← Back to context

Comment by tombert

7 days ago

I don't necessarily disagree, but I am curious as to why you think that? What makes NT a "better kernel for consumers". I have some opinions on that but I don't want to bias your answer.

Some architecture and some implementation details and sometimes purely economic reality:

1. NT is a hybrid kernel. Windows runs many drivers in userspace, if not in a limited kernel environment. This includes network drivers and GPU drivers. It can recover from crashes more gracefully than Linux and BSD kernels. Linux has similar drivers for specific use cases like FUSE, however, they are not as performant as NT.
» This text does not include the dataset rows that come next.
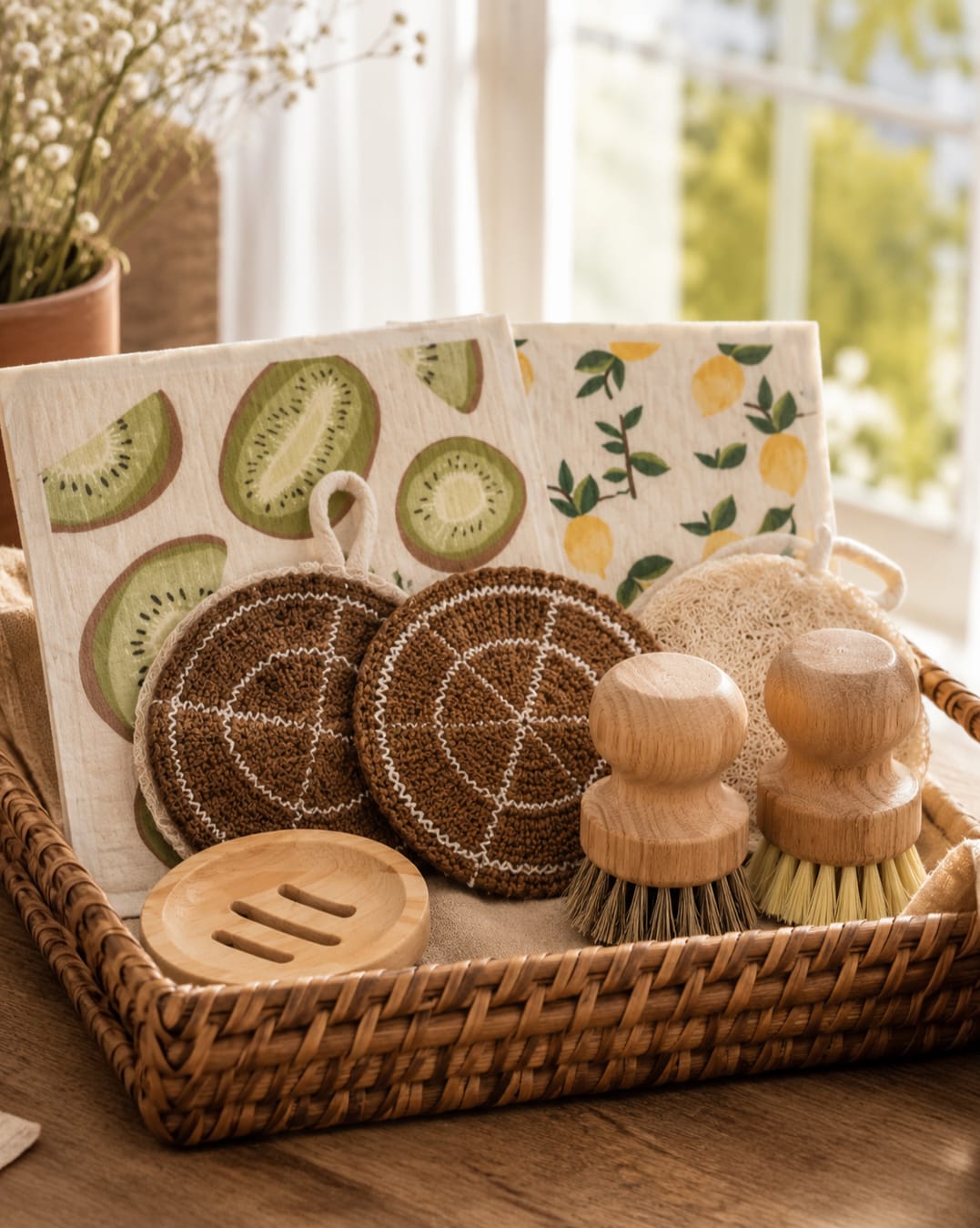 Eco Haven Natural Kitchen Cleaning Starter Set – Coconut, Loofah & Swedish Dish Cloths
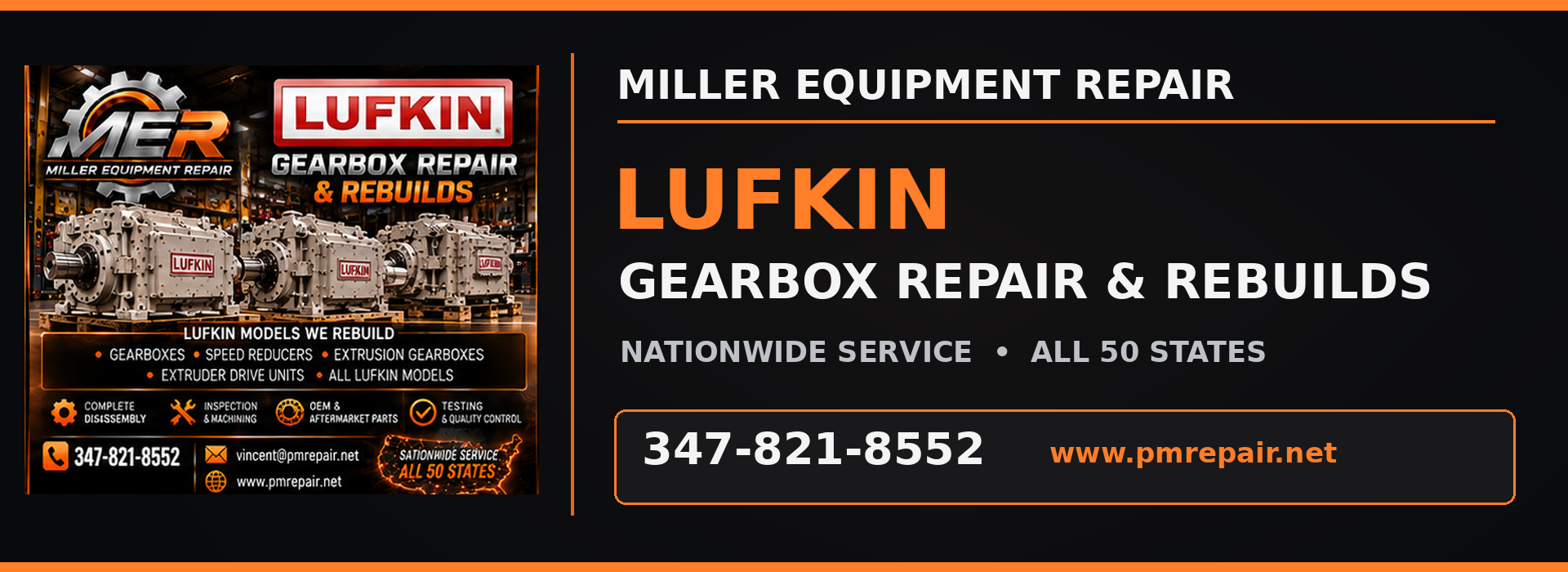 Lufkin industrial gearbox repair and rebuild services by Miller Equipment Repair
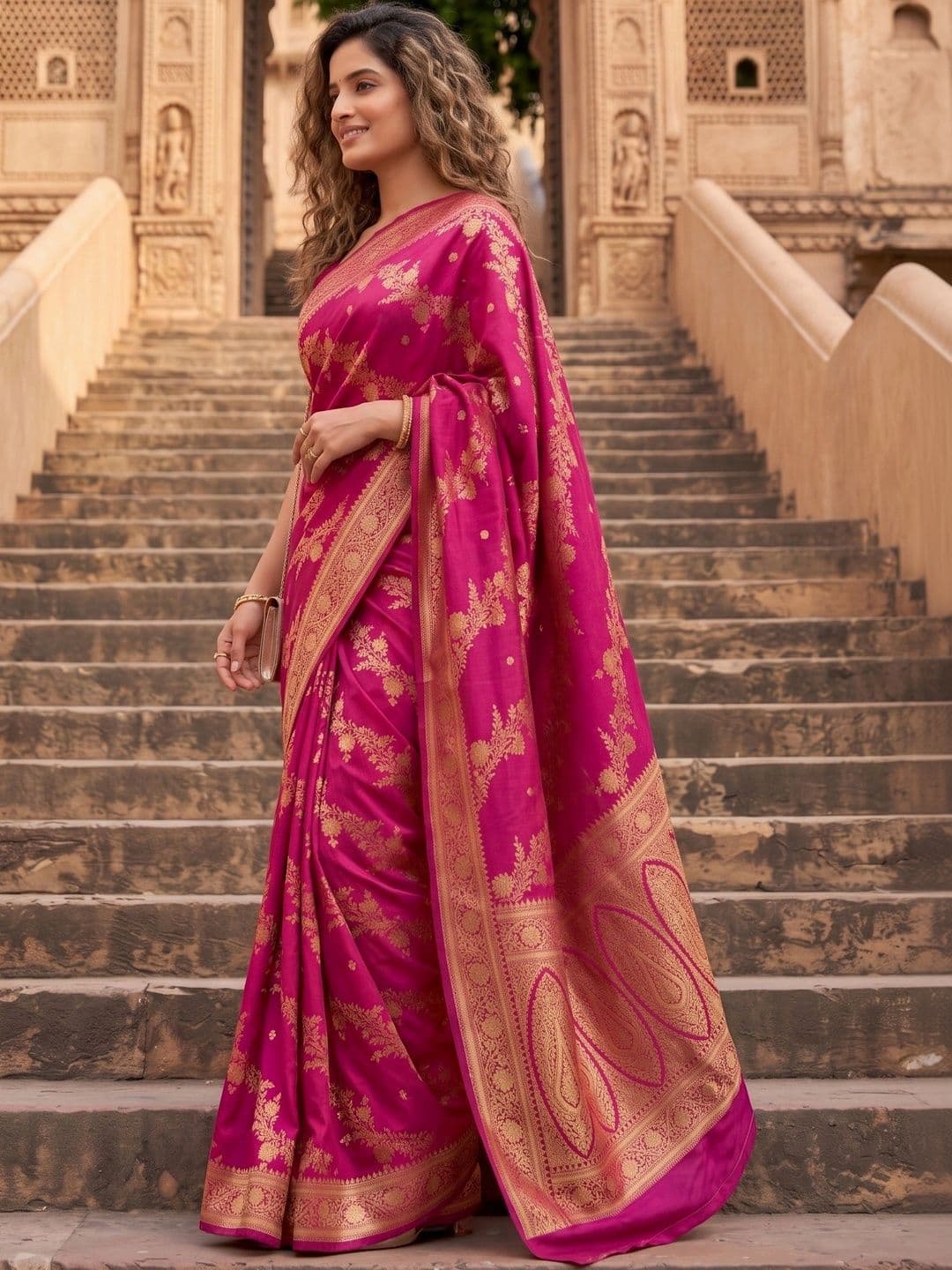 ROOP RADHIKA Woven Design Zari Silk Blend Designer Banarasi Saree thumbnail 5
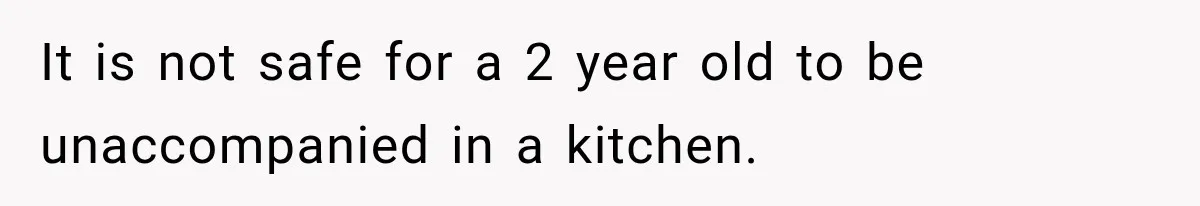 It is not safe for a 2 year old to be unaccompanied in a kitchen.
2. NT has always been designed to drive a GUI-driven OS. So it has better default tunings than a vanilla Linux kernel to operate and stay reactive under memory pressure. When your system is under pressure you'd lose mouse movement on Linux, on NT this is rare. It is not impossible to do this under Linux, however, not many companies (except maybe Android manufacturers and Google/ChromeOS) actually invest in this.

3. NT provides a mostly stable API and ABI for drivers. It is not as strong as Win32 guarantees, however it retained mostly the same driver infrastructure since Vista. Many Win7 or Win8 drivers continue to work under Win11.

4. Bundled drivers for consumer systems in NT are often better quality. This could be the side effect of stable ABI. Unlike Linux, significant refactors changing big parts of the driver APIs are rare. I think this reflects in the quality of drivers like USB Host drivers. I deal with embedded Linux systems (x86, RPi), there is always some "rmmod and modprobe to fix USB" script somewhere in a deployed Linux embedded system. I have never seen anything similar in Windows Kiosk setups (TBH I have seen a lot of reinit of COM drivers but it is often manufacturer's faulty implementation).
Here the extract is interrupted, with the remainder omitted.